Ignoring robots.txt [was Re: wget default behavior...]

2007-10-17 Thread Tony Godshall
 ... Perhaps it should be one of those things that one can do
 oneself if one must but is generally frowned upon (like making a
 version of wget that ignores robots.txt).

Damn.  I was only joking about ignoring robots.txt, but now I'm
thinking[1] there may be good reasons to do so...  maybe it should be
in mainline wget.

T

[1] 
http://web.archive.org/web/20041013225557/http://www.differentstrings.info/archives/002813.html


Re: Ignoring robots.txt [was Re: wget default behavior...]

2007-10-17 Thread Micah Cowan
-BEGIN PGP SIGNED MESSAGE-
Hash: SHA256

Tony Godshall wrote:
 ... Perhaps it should be one of those things that one can do
 oneself if one must but is generally frowned upon (like making a
 version of wget that ignores robots.txt).
 
 Damn.  I was only joking about ignoring robots.txt, but now I'm
 thinking[1] there may be good reasons to do so...  maybe it should be
 in mainline wget.

Actually, it is. -e robots=off. :)

This also turns off obedience to the nofollow attribute sometimes
found in meta and a tags.

- --
Micah J. Cowan
Programmer, musician, typesetting enthusiast, gamer...
http://micah.cowan.name/

-BEGIN PGP SIGNATURE-
Version: GnuPG v1.4.6 (GNU/Linux)
Comment: Using GnuPG with Mozilla - http://enigmail.mozdev.org

iD8DBQFHFmaM7M8hyUobTrERCNYWAJ4zTyACcT2zTgjo4FnXG2R8F839PgCgjkbo
2IcWqVjV6Lgxvg7JLh+tjX4=
=cYGA
-END PGP SIGNATURE-


Re: Ignoring robots.txt [was Re: wget default behavior...]

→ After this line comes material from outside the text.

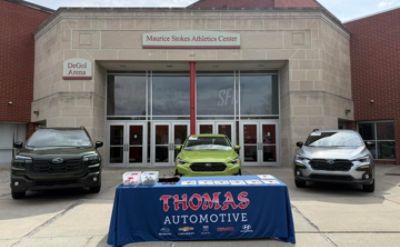 Thomas Bedford Subaru - Exclusive Automotive Sponsor of Saint Francis University Athletics!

2007-10-17 Thread Tony Godshall
 Tony Godshall wrote:
  ... Perhaps it should be one of those things that one can do
  oneself if one must but is generally frowned upon (like making a
  version of wget that ignores robots.txt).
 
  Damn.  I was only joking about ignoring robots.txt, but now I'm
  thinking[1] there may be good reasons to do so...  maybe it should be
  in mainline wget.

 Actually, it is. -e robots=off. :)

 This also turns off obedience to the nofollow attribute sometimes
 found in meta and a tags.

Ah, my ignorance is showing.

I stand corrected.